2. Factoring? (A factor is an alternative funding source. The factoring firm agrees to pay you the value of your invoices, minus a discount to cover its commission and fees. The factor gives you most of the invoiced amount immediately and the rest when it receives the money from your customers.)

3. Stretching out the payments you are making to your suppliers?

4. Reducing your cash outlays?

When it comes to this, here are two ideas you may not have thought of:

1. Triple-check that you’re being as (legally) aggressive as you can with the tax deductions you’re taking. This will reduce the taxes you might otherwise pay, which is another way of saying you’ll be reducing your expenses and retaining more cash.

2. Bartering: As our story in Principle 3 about how Bob Reiss started the TV Guide Trivia Game makes clear, this can be a very effective way to gain funding.

Advertising

There have been thousands of books written on this topic. I just want to raise the subject here to make sure you consider it in detail.

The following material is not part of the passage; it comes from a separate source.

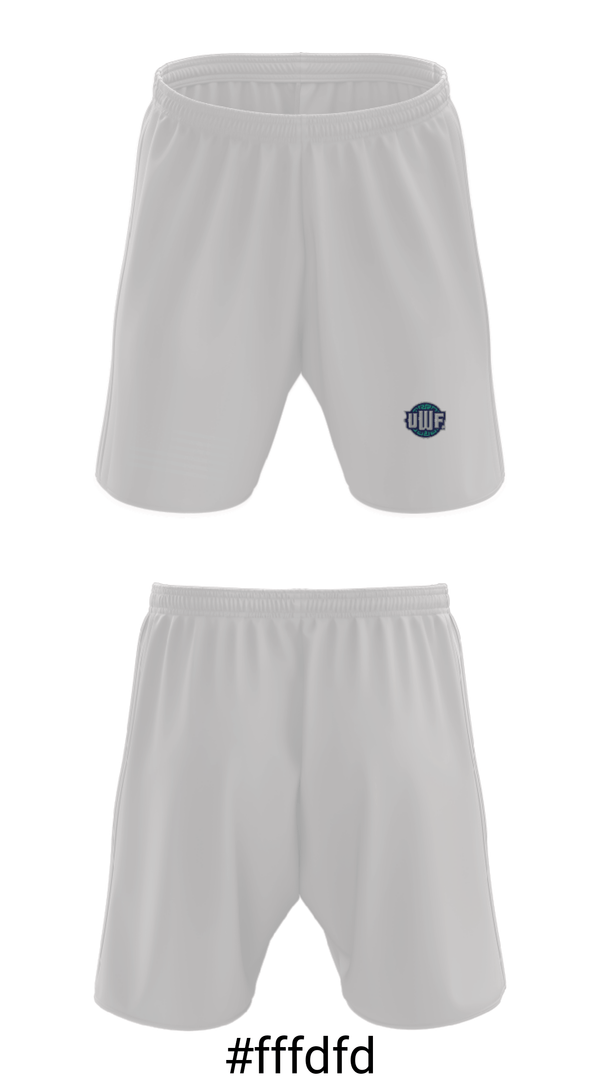 Athletic Shorts With Pockets, University Of West Florida, Men's Basketball, Teamtime, Team time, sublimation, custom sports apparel, team uniforms, spirit wear, spiritwear, sports uniforms, custom shirts, team store, custom team store, fundraiser sports, apparel fundraiser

For what it’s worth, I’m big on promotion instead of general advertising. I think television, radio, and newspaper advertising—even the Internet—is far too broad and, as a result, in many cases not cost justified.

Promotion, where you’re dealing directly with the consumer you want to reach, by handing out samples, lets you reach your audience with far less waste.

Two other points about advertising:

1. Everyone always immediately jumps to advertising to the end user, which doesn’t have to be the case. Working with the wholesalers and distributors for promotion of your products could be more effective. They can decide if they want to promote your products through the use of “specials” or “coupons” or combining your product promotion with “like-kind products.”

2. Involve your customers in your product. Have them tell you how they use it on your website. Make it easy for them to make comments and suggestions on how you can improve, and what products you should add. It’s the best form of market research there is.

SWEAT THE SMALL STUFF

Everything we just talked about could strike some people as “details.” More than one person has said to me that “the details will take care of themselves” if they get their idea right.

I could not disagree more.

My educated guess is that if you did a postmortem on 100 companies who had a better mousetrap but failed, you would find that 75% did not pay sufficient attention to the details.

I began the chapter by saying a better mousetrap is not enough. Let me end the same way: a better mousetrap is not enough.

FOUR TAKEAWAYS FROM PRINCIPLE 2

1. Remember, everything is possible. Armed with your better mousetrap, consider each and every possibility to both protect and expand it.

2. The kings of yore got it right: Build a moat. You need to know how you are going to protect your better mousetrap from the inevitable competition you are going to face.

3. Involve your customers in developing your company’s future. What products would they like to see? What features? Ask them about the problems they would like you to solve for them.

4. Have (a lot) more money than you think you are going to need. Starting a business is tough. You don’t want to make it tougher on yourself by running out of money.